The rendering system also can use other inputs 212 which affect rendering. Such inputs can include, but are not limited to, position and type of lighting, animation parameters for objects, texturing and colors of objects, and the like. Such inputs are commonly used in a variety of rendering engines designed to provide realistic renderings such as used in animation and games.

A pose detection module 220 uses various sensor data to determine the display pose 202 and viewer pose 204. In practice, there can be a separate pose detection module for detecting each of the display pose and viewer pose. As an example, one or more cameras 222 can provide image data 224 to the pose detection module 220. Various sensors 226 also can provide sensor data 228 to the pose detection module 220.

The camera 222 may be part of the display device and be directed at the viewer. Image data 224 from such a camera 222 can be processed using gaze detection and/or eye tracking technology to determine a pose of the viewer. Such technology is described in, for example, “Real Time Head Pose Tracking from Multiple Cameras with a Generic Model,” by Qin Cai, A. Sankaranarayanan, Q. Zhang, Zhengyou Zhang, and Zicheng Liu, in IEEE Workshop on Analysis and Modeling of Faces and Gestures, in conjunction with CVPR 2010, June 2010, and is found in commercially available products, such as the Tobii IS20 and Tobii IS-1 eye trackers available from Tobii Technology AB of Danderyd, Sweden.

The camera 222 may be part of the display device and may be directed at the environment to provide image data 224 of the scene. Image data 224 from such a camera 222 can be processed using various image processing techniques to determine the orientation of the display device with respect to the scene. For example, given two cameras, stereoscopic image processing techniques, such as described in “Real-Time Plane Sweeping Stereo with Multiple Sweeping Directions”, Gallup, D., Frahm, J.-M., et al., in Computer Vision and Pattern Recognition (CVPR) 2007, can be used to determine various planes defining the space of the scene, and the distance of the display device from, and its orientation with respect to, various objects in the scene, such as described in “Parallel Tracking and Mapping for Small AR Workspaces”, by Georg Klein and David Murray, in Proc. International Symposium on Mixed and Augmented Reality (ISMAR'07), and “Visual loop closing using multi-resolution SIFT grids in metric-topological SLAM”, Pradeep, V., Medioni, G., and Weiland, J., in Computer Vision and Pattern Recognition (CVPR) 2009, pp. 1438-1445, June 2009.

Images from camera(s) 222 that provide image data 224 of the scene also input this image data to an object model generator 230. Object model generator 230 outputs three dimensional models of the scene (such as its primary planes, e.g., floors and walls), and of objects in the scene (such as furniture, plants or other objects), as indicated by the object model at 240. Each object that is identified can be registered in a database with information about the object including its location in three-dimensional space with respect to a reference point (such as a corner of a room). Using the database, the system has sufficient data to place an object back into the view of the space and/or map it and other objects to other objects and locations.

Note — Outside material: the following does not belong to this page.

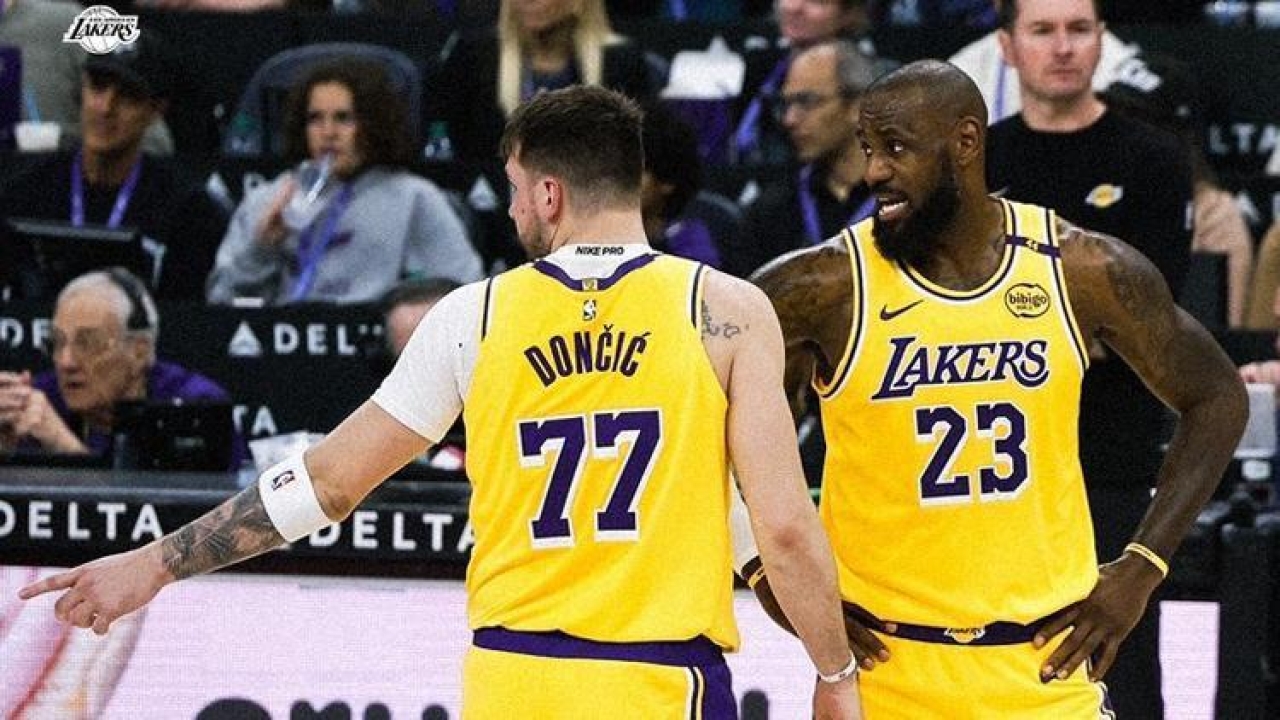 Charlotte Hornets deplasmanda Los Angeles Lakers'ı devirdi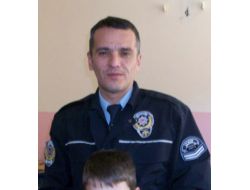 İzmir’de Polise Saldırı: Polis Memuru Sırtından Bıçaklandı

Various inputs 232 can be provided to the object model generator 230 to assist in generating the object model 206. In one implementation, the object model generator 230 processes the image data using line or contour detection algorithms, examples of which are described in “Egomotion Estimation Using Assorted Features”, Pradeep, V., and Lim, J. W., in the International Journal of Computer Vision, Vol. 98, Issue 2, Page 202-216, 2012. A set of contours resulting from such contour detection is displayed to the user (other intermediate data used to identify the contours can be hidden from the user). In response to user input 232, indicating selected lines, the user input can be used to define and tag objects with metadata describing such objects. It can be desirable to direct the user through several steps of different views of the room, so that the user first identifies the various objects in the room before taking other actions.

A user can select an object in the scene or from a model database to add to the scene. Given a selected object, the position, scale and/or orientation of the object can be changed in the scene. Various user gestures with respect to the object can be used to modify the displayed object. For example, with the scene displayed on a touch-sensitive display, various touch gestures, such as a swipe, pinch, touch and drag, or other gesture can be used to rotate, resize and move an object. A newly added object can be scaled and rotated the match size and orientation of objects in the scene.

Also, given a selected object, items can be purchased, various properties can be changed, and metadata can be added and changed. Referring to FIG. 3, an input system that manages other inputs related to selected objects will now be described.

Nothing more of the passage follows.